### EXERCISE GOAL
Select the lines below containing the word "from".

### MATERIAL TO PROCESS
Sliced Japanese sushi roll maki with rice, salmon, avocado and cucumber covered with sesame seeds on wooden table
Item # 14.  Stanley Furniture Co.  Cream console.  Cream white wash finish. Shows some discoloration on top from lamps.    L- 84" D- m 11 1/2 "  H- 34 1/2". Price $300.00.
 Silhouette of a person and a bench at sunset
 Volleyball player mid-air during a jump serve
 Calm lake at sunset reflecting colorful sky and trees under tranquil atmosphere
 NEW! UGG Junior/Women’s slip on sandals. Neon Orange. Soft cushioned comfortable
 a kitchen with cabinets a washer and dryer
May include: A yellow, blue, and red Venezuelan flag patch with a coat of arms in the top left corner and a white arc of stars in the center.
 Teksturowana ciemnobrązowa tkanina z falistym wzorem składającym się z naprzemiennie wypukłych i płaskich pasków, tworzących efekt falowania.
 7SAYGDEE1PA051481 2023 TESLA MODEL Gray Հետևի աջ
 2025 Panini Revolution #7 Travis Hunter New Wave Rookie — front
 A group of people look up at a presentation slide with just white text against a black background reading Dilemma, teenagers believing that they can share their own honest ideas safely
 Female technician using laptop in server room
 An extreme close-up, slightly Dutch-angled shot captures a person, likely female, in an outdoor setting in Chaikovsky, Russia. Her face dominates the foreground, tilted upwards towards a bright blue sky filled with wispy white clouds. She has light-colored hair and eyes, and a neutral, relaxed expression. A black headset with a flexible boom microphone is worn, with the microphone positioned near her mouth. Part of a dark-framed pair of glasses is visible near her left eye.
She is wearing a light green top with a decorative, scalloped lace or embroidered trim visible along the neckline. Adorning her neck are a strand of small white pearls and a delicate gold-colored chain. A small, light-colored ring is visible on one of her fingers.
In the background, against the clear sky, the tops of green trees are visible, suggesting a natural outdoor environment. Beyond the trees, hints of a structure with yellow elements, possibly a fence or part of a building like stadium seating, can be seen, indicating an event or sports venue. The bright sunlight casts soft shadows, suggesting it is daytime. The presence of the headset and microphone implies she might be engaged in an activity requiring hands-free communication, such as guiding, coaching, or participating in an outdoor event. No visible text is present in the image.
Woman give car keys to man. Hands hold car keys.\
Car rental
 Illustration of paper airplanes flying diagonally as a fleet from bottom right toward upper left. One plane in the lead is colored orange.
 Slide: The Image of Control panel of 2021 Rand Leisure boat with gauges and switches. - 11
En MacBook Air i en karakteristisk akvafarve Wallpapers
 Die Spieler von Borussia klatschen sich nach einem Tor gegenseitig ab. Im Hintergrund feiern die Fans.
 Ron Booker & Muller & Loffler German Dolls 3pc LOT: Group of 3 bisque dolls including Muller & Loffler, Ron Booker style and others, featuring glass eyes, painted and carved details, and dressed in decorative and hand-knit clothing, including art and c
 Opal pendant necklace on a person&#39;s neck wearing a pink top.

### OUTPUT FOR THIS TASK
Item # 14.  Stanley Furniture Co.  Cream console.  Cream white wash finish. Shows some discoloration on top from lamps.    L- 84" D- m 11 1/2 "  H- 34 1/2". Price $300.00.
 Illustration of paper airplanes flying diagonally as a fleet from bottom right toward upper left. One plane in the lead is colored orange.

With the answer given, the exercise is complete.